In: Statistics and Probability
Prof. Weiner is interested in analyzing the distribution of the variable X=’grading in Microeconomics for Policy Analysis’. He collected administrative information from the School from 1990 to 2010 and based on this data he concludes X follows a normal distribution with mean 75 and variance 30.
2.1 What is the probability that a typical student from the current cohort enrolled in Microeconomics for Policy Analysis receives a grade above 80?
2.2 Between what values will the grades of 95% of all students in the current cohort fall?

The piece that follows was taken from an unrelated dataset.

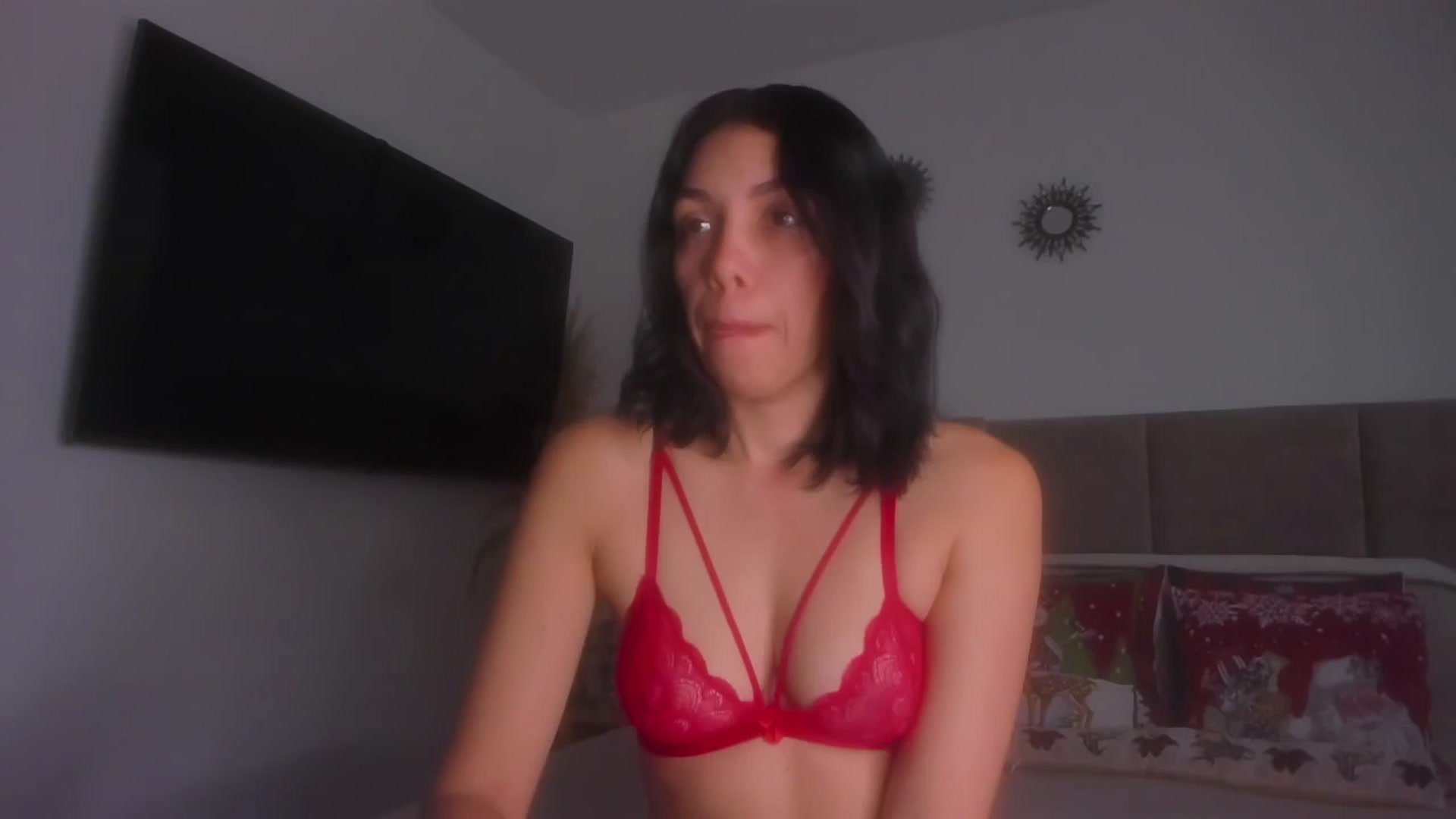 Polly10 video thumbnail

2.3 Find the value that represents the 25th and 75th percentile of this distribution. Then, find the interquartile range. Can a student who got 45 be considered a potential outlier?
a)
µ = 75
σ² = 30
P ( X >80) = P( (X-µ)/σ ≥ (80-75)/√30)
= P(Z >0.91) = P( Z <-0.913) = 0.1807(answer)
2.2)
µ = 39.2
σ =√30 = 1.9
proportion=0.9500
proportion left 0.0500is equally distributed both left and right side of normal curve
z value at0.025= ±1.960 (excel formula =NORMSINV(0.05/ 2 ) )
z = ( x - µ ) / σ
so, X = z σ + µ =
X1 =-1.960*1.9+39.2=35.4761
X2 =1.960*1.9+39.2=42.9239
2.3)
P(X≤x) =0.2500
Z value at 0.25=-0.6745(excel formula =NORMSINV(0.25) )
z=(x-µ)/σ
so, X=zσ+µ=-0.674*5.477225575+75
X=71.3057
so, 25th percentile = 71.31 (answer)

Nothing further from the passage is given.